Search code examples
xmlbashxmlstarlet

iterate over xml with xmlstarlet and output parent and child node values


I have this format in multiple XML files:

<bad>
 <objdesc>
 <desc id="butwba10.1.wc.01" dbi="BUTWBA10.1.1.WC">
        <physdesc>adfa;sdfkjad</physdesc>
        <related objectid="bb435.1.comdes.02"/>
        <related objectid="but614r.1.penc.01"/>
        <related objectid="but611.1.wc.01"/>
        <related objectid="but612.1.wd.01"/>
        <related objectid="bb515.1.comb.12"/>
 </desc>
 <desc id="butwba10.1.wc.02" dbi="BUTWBA10.1.2.WC">
        <physdesc>alkdjfa;sfjsdf</physdesc>
        <related objectid="but621r.1.penc.01"/>
        <related objectid="bb435.1.comdes.03"/>
 </desc>
 </objdesc>
 </bad>

I want output that looks like this:

butwba10.1.wc.01 dbi="BUTWBA10.1.1.WC" related="bb435.1.comdes.02, but614r.1.penc.01, but611.1.wc.01, but612.1.wd.01, bb515.1.comb.12"

butwba10.1.wc.02 dbi="BUTWBA10.1.2.WC" related="but621r.1.penc.01, bb435.1.comdes.03"  

I have a bash script that uses xmlstarlet to iterate over the xml files in a directory, but it dumps all the "related values" after the last desc id.
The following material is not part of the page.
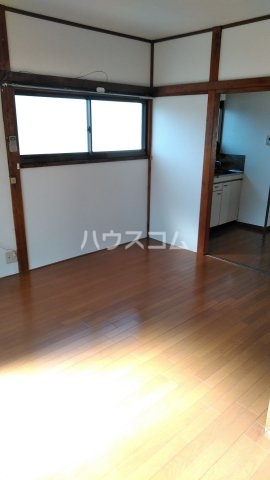 6/29 リビング/ダイニング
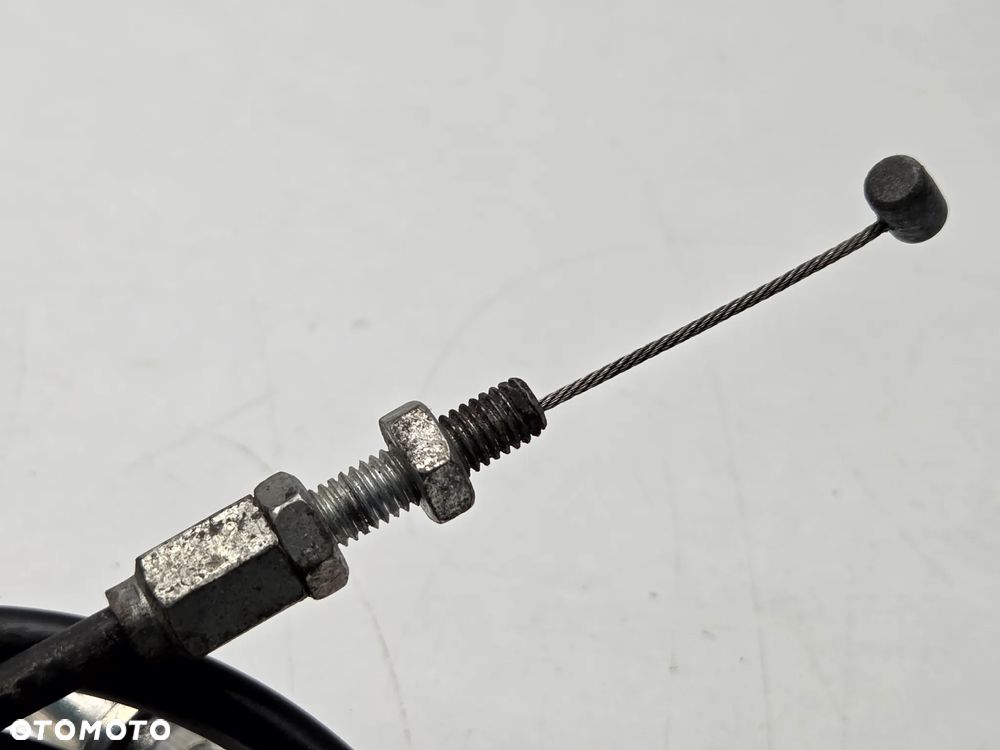 SUZUKI GW 250 INAZUMA LINKA LINKI GAZU - 10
It needs to associate each desc id with each set of "related" values. And it needs to include the dbi value for each id.

#!/bin/bash

for x in *.xml
do
    id=$(xml sel -t -v '//bad/objdesc/desc/@id' "$x")
    arr=( $(xml sel -t -v '//bad/objdesc/desc/related/@objectid' "$x") )
    cat<<EOF >> new_file
$id related="$(perl -e 'print join ",", @ARGV' "${arr[@]}")"
EOF
done

Solution

  • #!/bin/bash
    
    for x in *.xml; do
      count=$(xml sel -t -v 'count(//bad/objdesc/desc/@id)' "$x")
      for ((i=1; i<=count; i++)); do
        id=$(xml sel -t -v "//bad/objdesc/desc[$i]/@id" "$x")
        arr=( $(xml sel -t -v "//bad/objdesc/desc[$i]/related/@objectid" "$x") )
        cat<<EOF
    $id related="$(perl -e 'print join ",", @ARGV' "${arr[@]}")"
    EOF
      done
    done
    

    =)

    It seems like this is a job for XSLT. But, OK, shell can handle this too...

    Can you do the rest for dbi ? It's better to try understanding what involves here than just cut/paste.